Exercise materials:
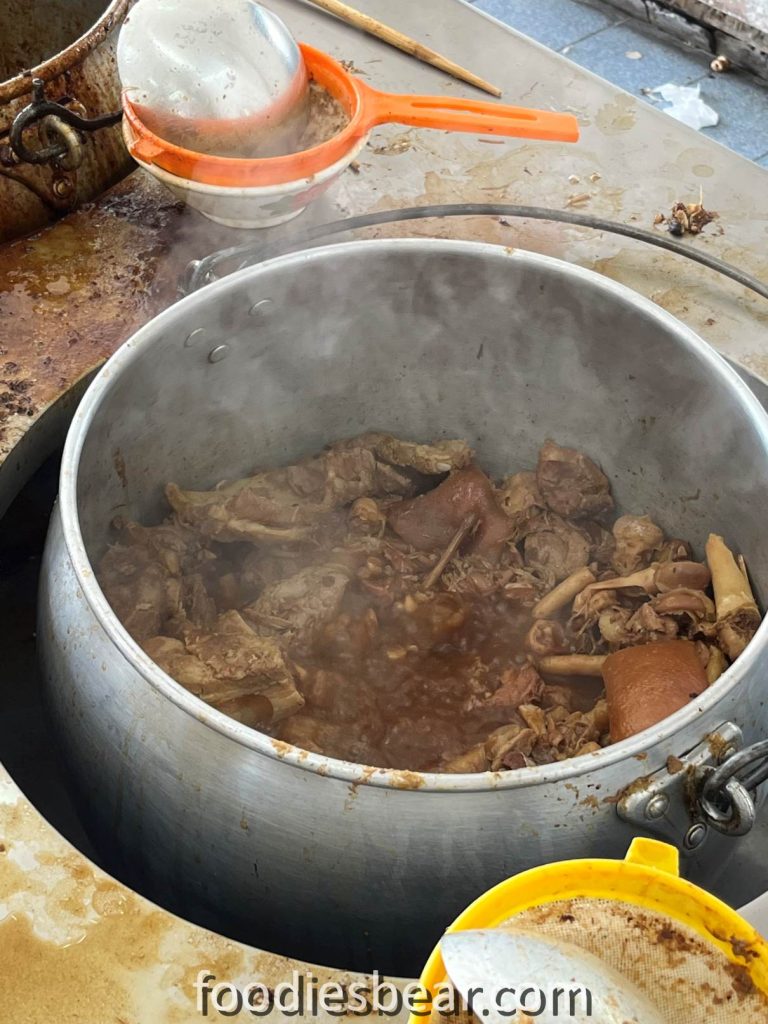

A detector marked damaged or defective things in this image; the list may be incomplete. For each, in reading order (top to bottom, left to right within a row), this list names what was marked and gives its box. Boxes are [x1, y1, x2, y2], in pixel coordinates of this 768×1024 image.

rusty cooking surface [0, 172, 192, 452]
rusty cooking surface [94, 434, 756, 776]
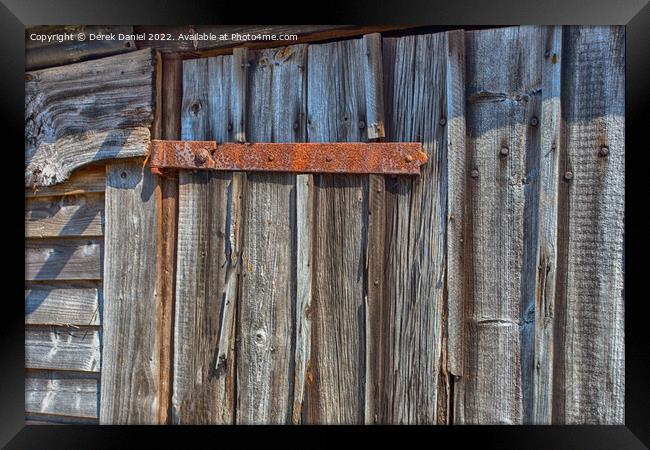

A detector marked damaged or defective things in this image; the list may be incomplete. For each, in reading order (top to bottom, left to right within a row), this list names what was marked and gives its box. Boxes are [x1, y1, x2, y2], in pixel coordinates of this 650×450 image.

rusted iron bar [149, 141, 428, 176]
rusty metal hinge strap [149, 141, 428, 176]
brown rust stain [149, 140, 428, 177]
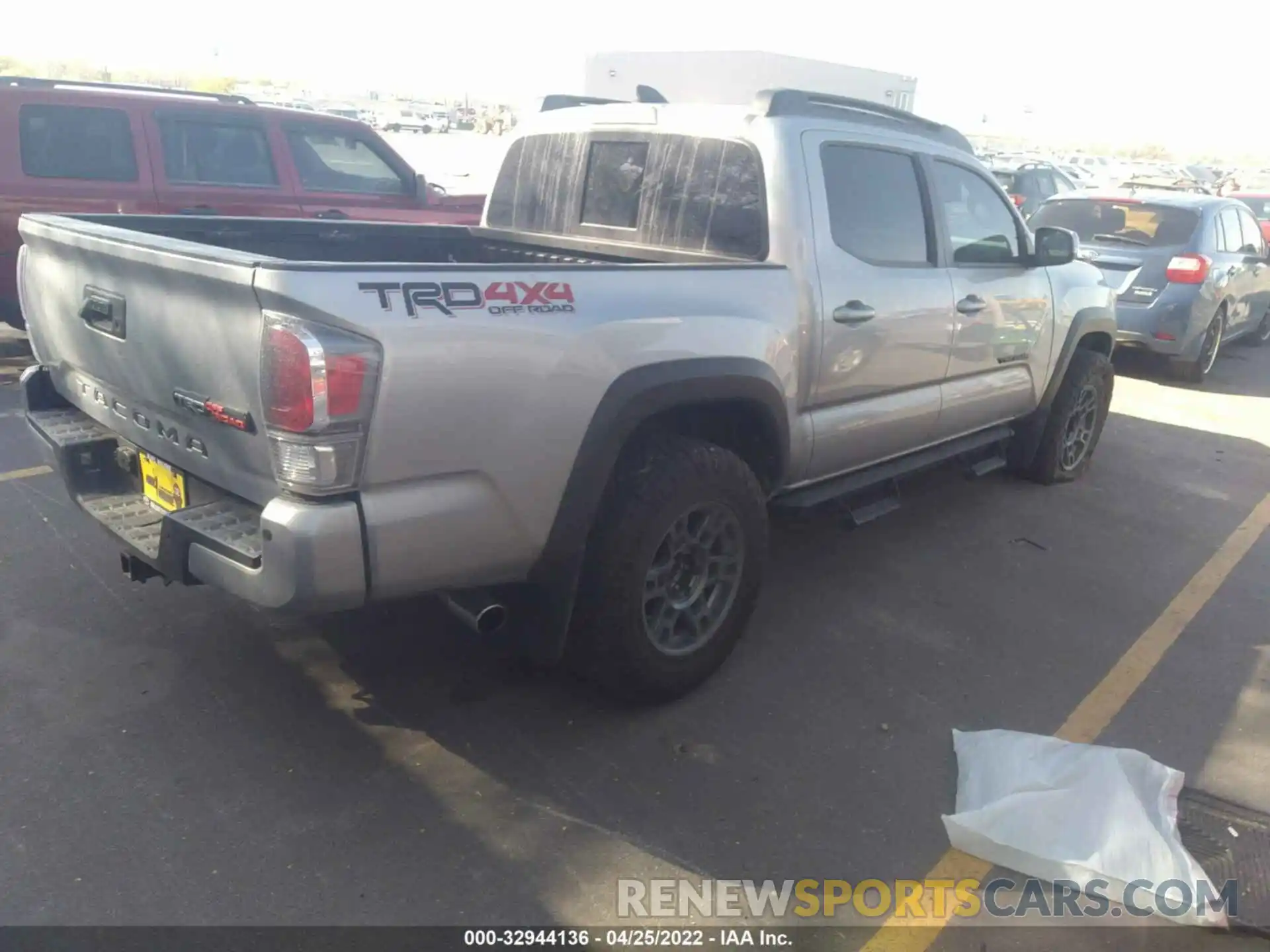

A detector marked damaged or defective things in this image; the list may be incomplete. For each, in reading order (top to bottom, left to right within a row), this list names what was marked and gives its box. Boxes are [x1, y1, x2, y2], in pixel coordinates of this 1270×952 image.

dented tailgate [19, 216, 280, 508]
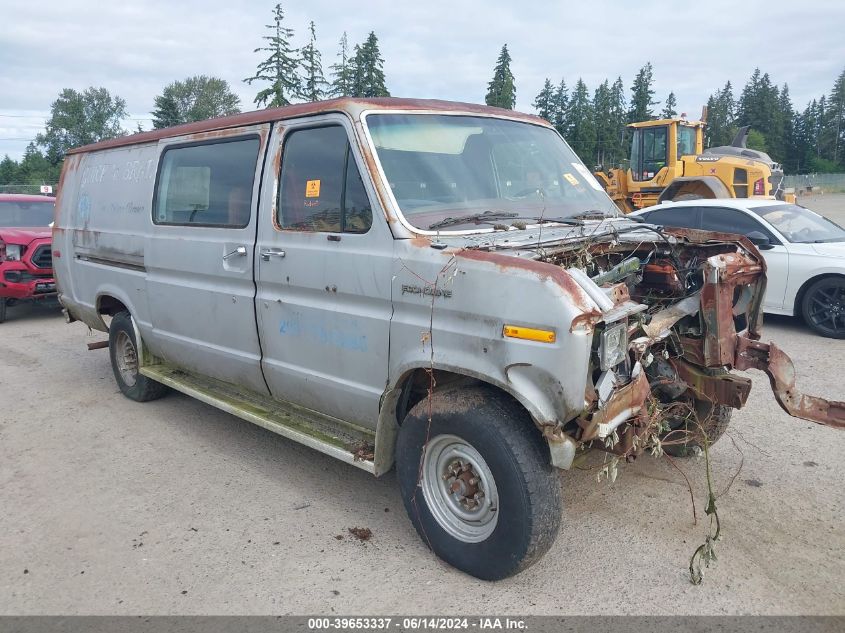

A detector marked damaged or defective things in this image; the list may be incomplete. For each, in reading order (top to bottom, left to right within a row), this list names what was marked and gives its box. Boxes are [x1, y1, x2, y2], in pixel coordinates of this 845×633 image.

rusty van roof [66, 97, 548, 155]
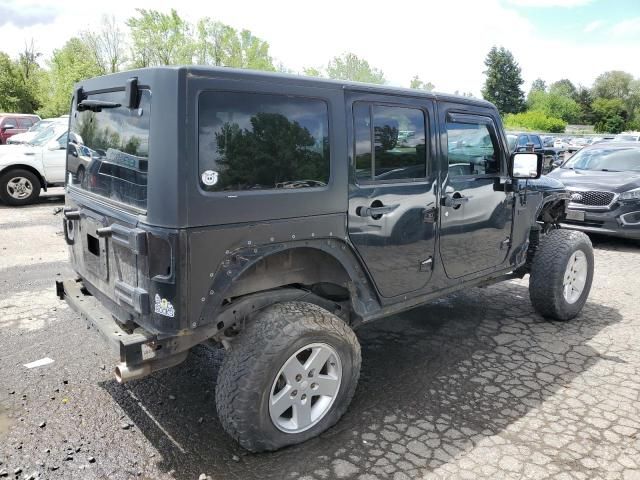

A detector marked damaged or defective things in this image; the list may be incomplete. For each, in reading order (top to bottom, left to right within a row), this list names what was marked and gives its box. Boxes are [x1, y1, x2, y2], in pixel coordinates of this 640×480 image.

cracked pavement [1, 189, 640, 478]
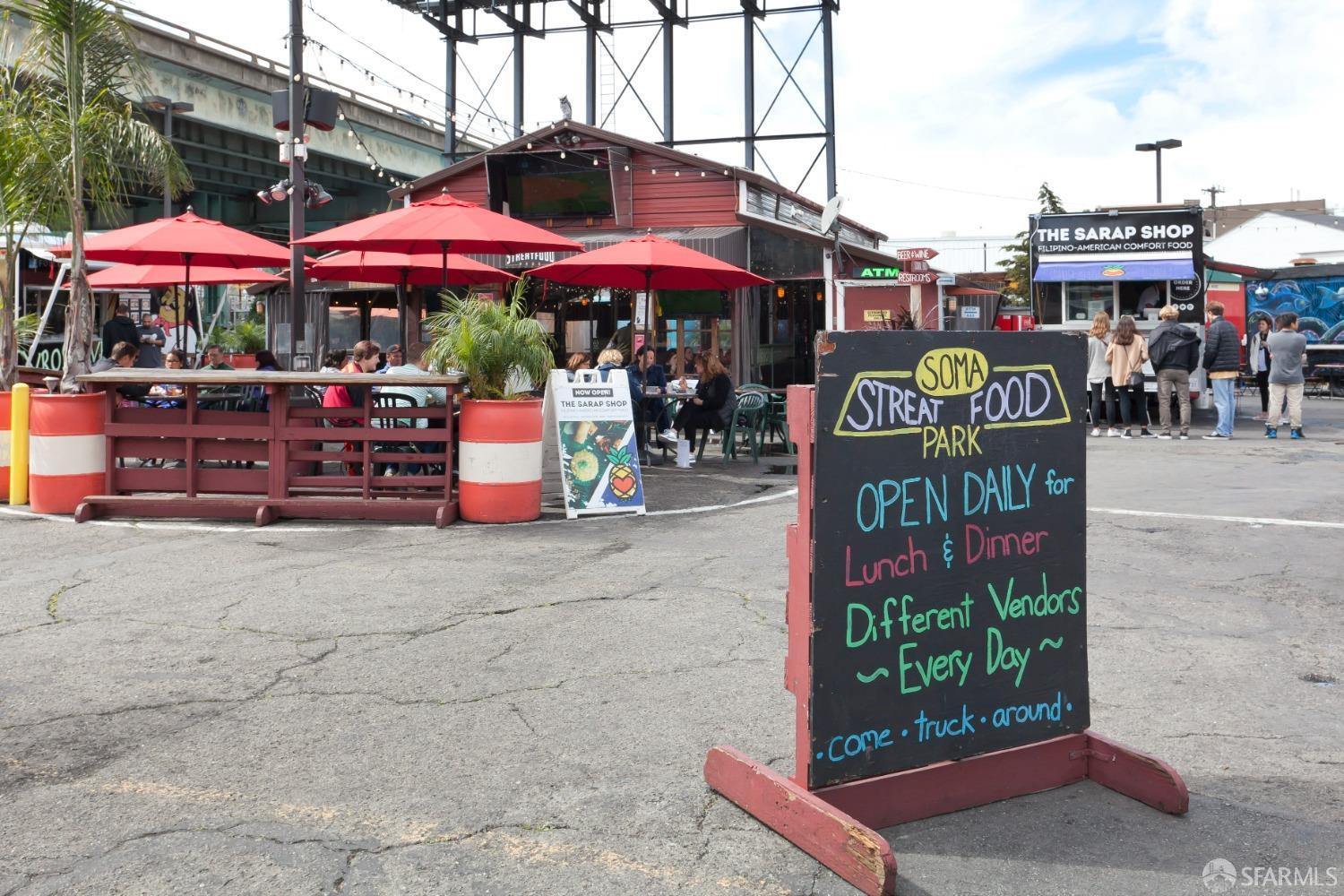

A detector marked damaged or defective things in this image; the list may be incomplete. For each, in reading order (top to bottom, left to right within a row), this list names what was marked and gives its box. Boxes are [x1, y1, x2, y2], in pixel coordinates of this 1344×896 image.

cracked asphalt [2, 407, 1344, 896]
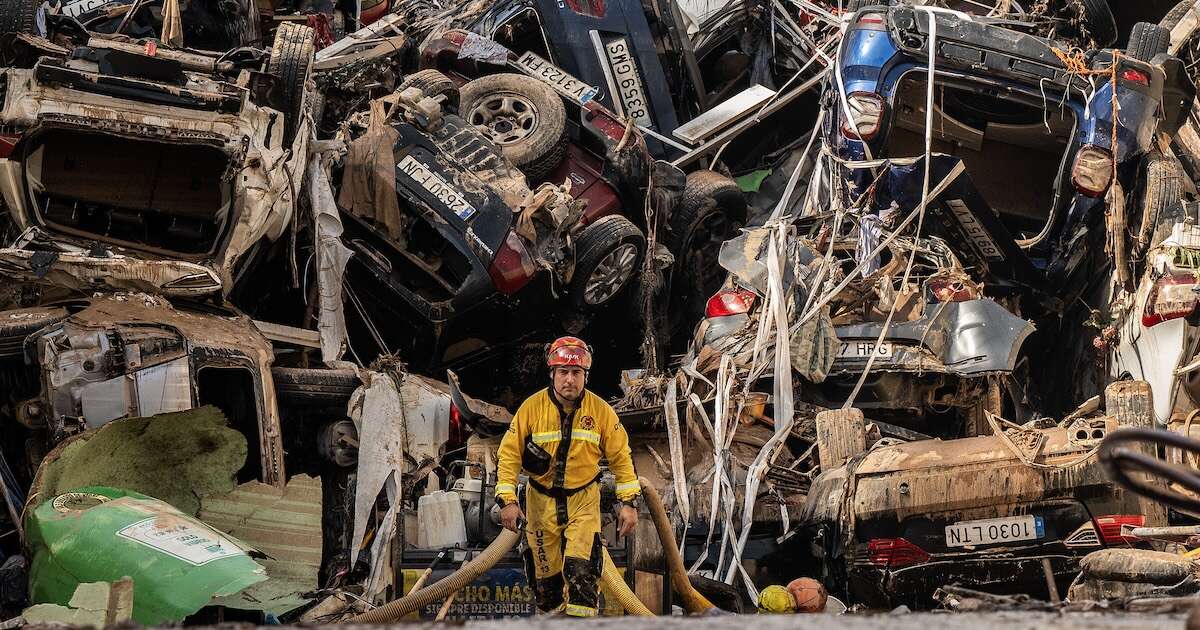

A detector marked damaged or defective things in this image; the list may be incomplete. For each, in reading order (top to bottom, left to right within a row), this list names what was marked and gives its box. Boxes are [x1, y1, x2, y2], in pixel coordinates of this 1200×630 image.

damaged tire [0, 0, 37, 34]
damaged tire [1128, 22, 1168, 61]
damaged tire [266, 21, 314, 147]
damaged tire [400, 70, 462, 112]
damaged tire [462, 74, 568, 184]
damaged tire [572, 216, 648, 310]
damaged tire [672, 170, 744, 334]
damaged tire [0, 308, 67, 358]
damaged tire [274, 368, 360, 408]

Task objective: Retype exactly, please, each line from the line that contains "this 1200×630 image." through the last line of the entries above, with nothing added.

Task answer:
A detector marked damaged or defective things in this image; the list may be incomplete. For each, in reading order (top to bottom, left to right within a row), this list names what was marked and gives its box. Boxes are [x1, y1, x2, y2], in pixel coordinates of this 1200×630 image.

damaged tire [0, 0, 37, 34]
damaged tire [1128, 22, 1168, 61]
damaged tire [266, 21, 314, 147]
damaged tire [400, 70, 462, 112]
damaged tire [462, 74, 568, 184]
damaged tire [572, 216, 648, 310]
damaged tire [672, 170, 744, 334]
damaged tire [0, 308, 67, 358]
damaged tire [274, 368, 360, 408]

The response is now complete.